DATASET CONTENT section start
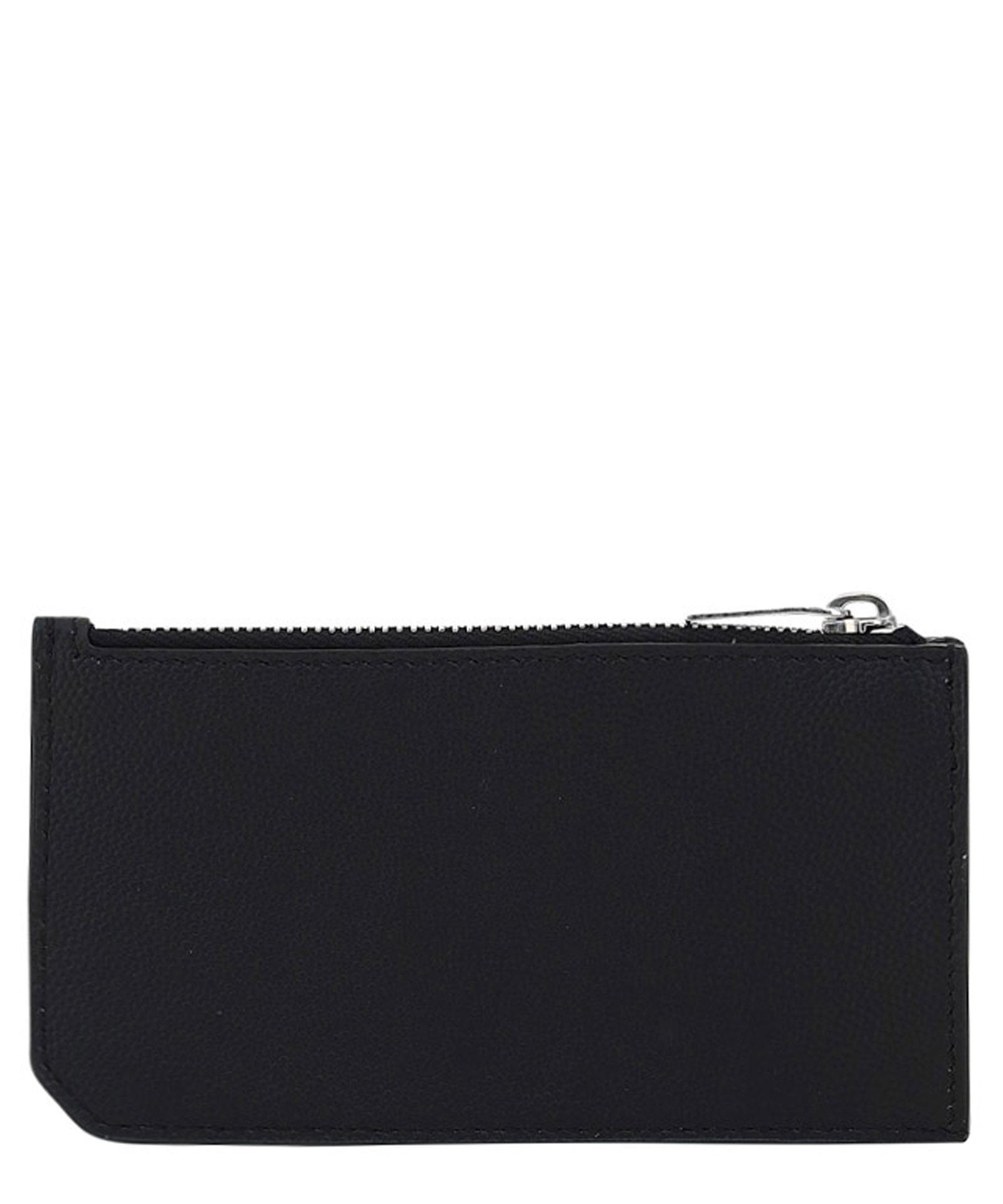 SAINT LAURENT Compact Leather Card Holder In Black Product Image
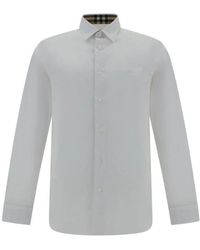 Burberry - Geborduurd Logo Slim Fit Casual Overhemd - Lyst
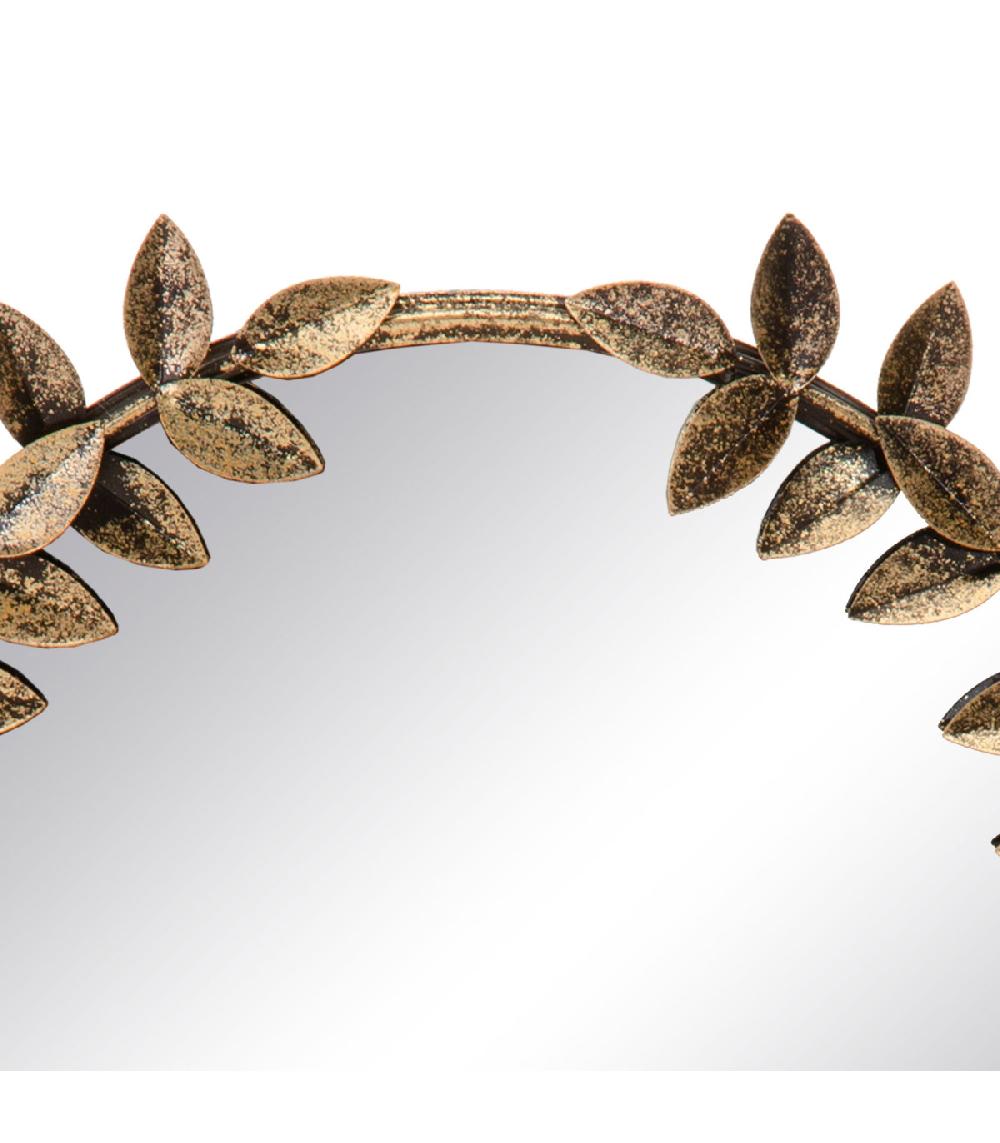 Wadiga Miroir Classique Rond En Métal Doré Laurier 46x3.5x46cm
DATASET CONTENT section end
# BRIEF
Please copy the data shown above word for word, omitting the pictures.

# TASK RESPONSE
 SAINT LAURENT Compact Leather Card Holder In Black Product Image
 Burberry - Geborduurd Logo Slim Fit Casual Overhemd - Lyst
 Wadiga Miroir Classique Rond En Métal Doré Laurier 46x3.5x46cm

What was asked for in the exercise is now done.